Still, none of that seems to have worked. Opposition candidate Edmundo Gonzalez Urrutia, who is backed by Machado, is leading in the polls by more than 20 points, according to recent separate surveys by the Datanálisis, Delphos, Consultores 21 and ORC polling firms.
Gonzalez Urrutia told me in a recent interview that, everything else having failed, Maduro may try to manipulate the vote count on election night. But that will be hard to do because the opposition will have poll watchers across the country. “My understanding is that we will have witnesses in 100% of the voting places,” he told me.
Maduro may try to rig the vote by announcing shortly before the scheduled closing of the polls at 6 p.m. that there are long lines of people waiting to cast their ballots in several places, and extending the voting time for several hours, opposition leaders told me.
In the past, the Maduro regime used those night hours to stuff ballot boxes in remote areas with fake votes from people who are dead or living overseas.
To prevent that from happening, the opposition plans to have at least two observers with smart phones in every voting place, who will take pictures of the voting tallies and send them to data centers located in Caracas, Madrid and Washington. The phones will be able to send the pictures via VPN in case the regime shuts down internet services.
“The opposition has a very well-organized electoral observation system,” Quiroga told me. “Many people forget that Machado is an engineer who started out as an electoral data monitoring expert.”
Of course, if he sees himself losing, Maduro may yet concoct an excuse to suspend the elections, or ban Gonzalez Urrutia shortly before the vote.
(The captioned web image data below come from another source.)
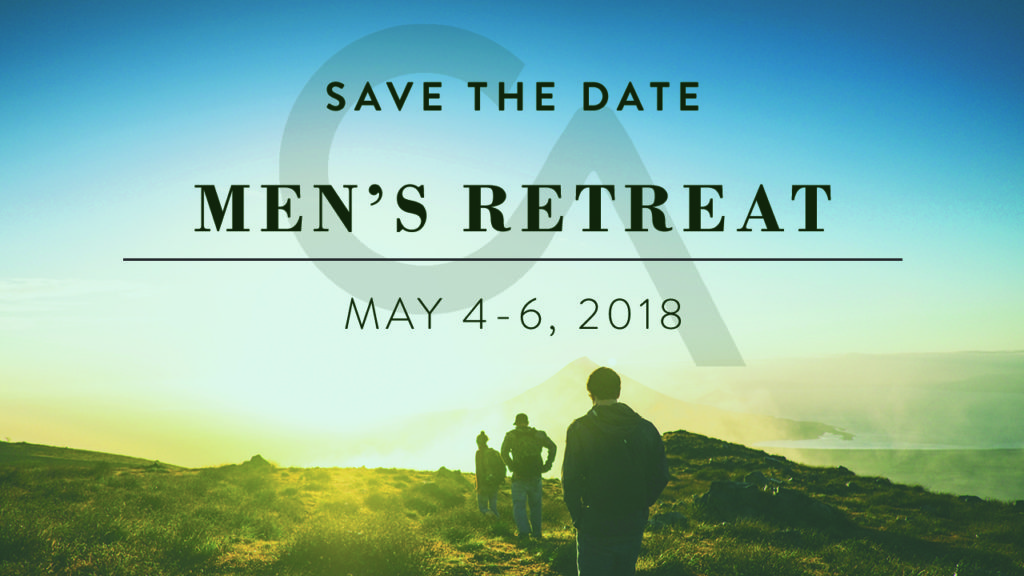 Men's Retreat Christian Assembly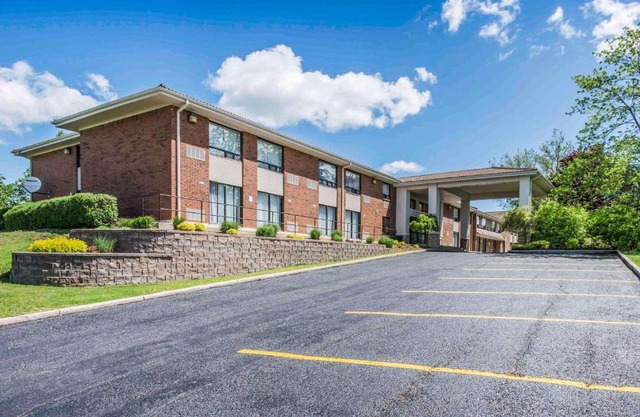 Comfort Inn Owen 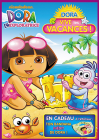 Dora l'exploratrice - Vive les vacances ! - DVD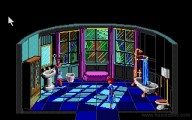 The Colonel's Bequest [Amiga]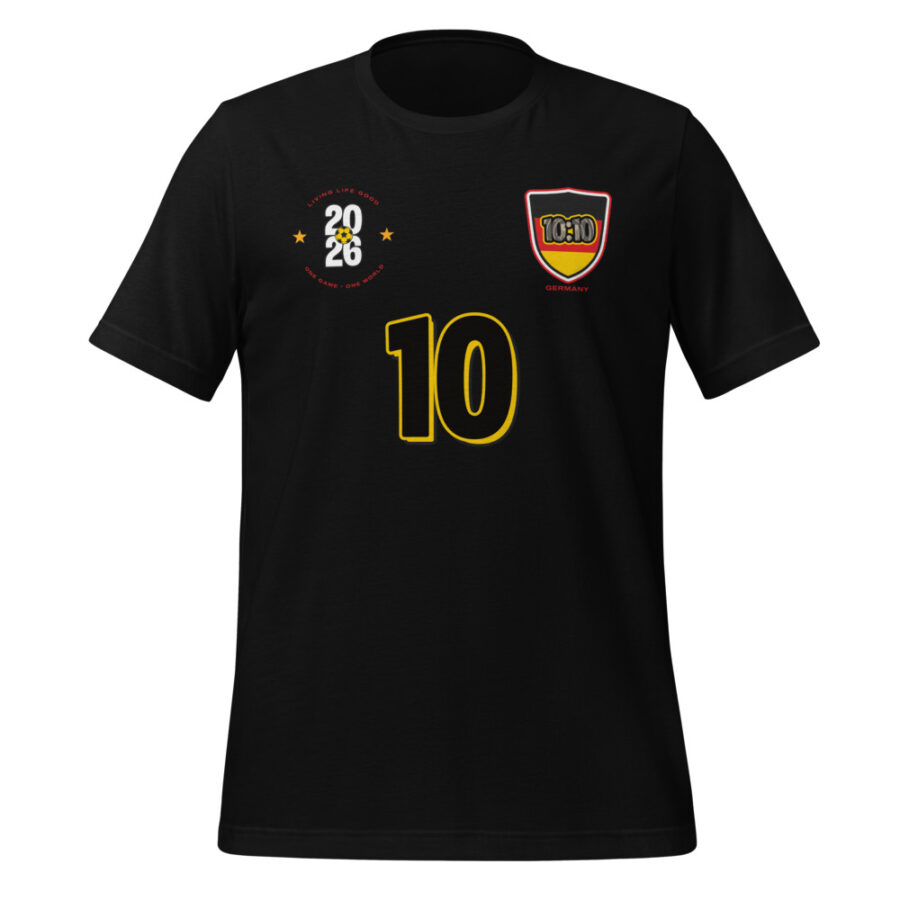 GLL WORLD CUP - Germany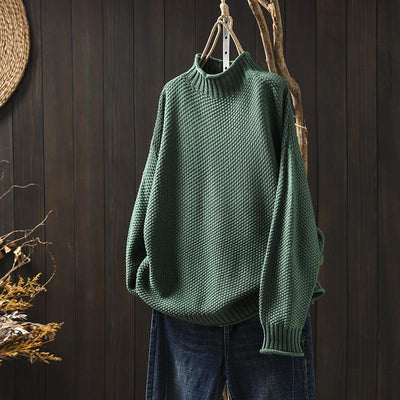 Ylonna - Knitted Jumper
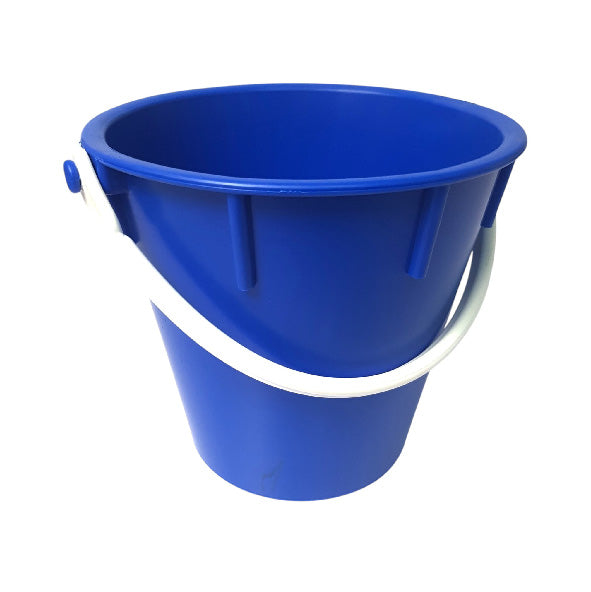 Bucket - Heavy Duty - Blue
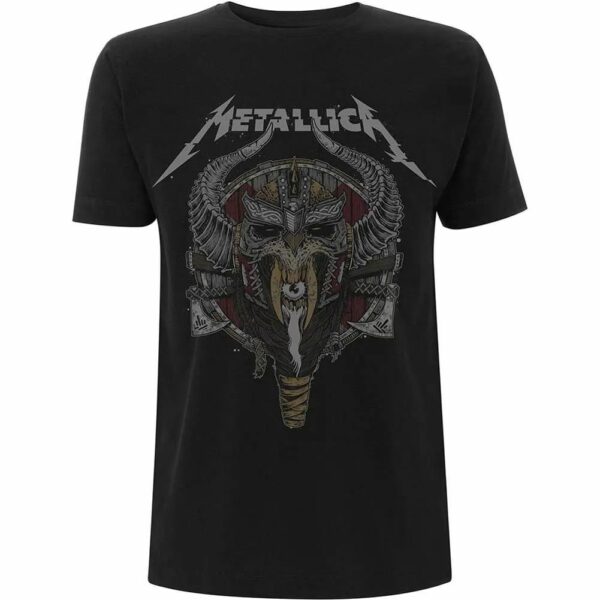 Metallica Type 1556 T Shirt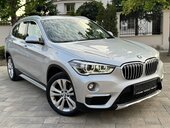 BMW X1 LED/X-DRIVE/190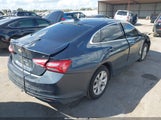 Chevrolet Malibu Fwd Lt 1G1ZD5STXMF005329 photo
But, as Gonzalez Urrutia told me, “that would amount to an admission of defeat” by Maduro.
Granted, Maduro reelected himself fraudulently in 2018, and may try to do it again. But the opposition has learned its lessons. Maduro may face the dilemma of admitting a defeat, or manipulating the results so shamelessly that even some of his biggest allies in the region won’t be able to defend his charade.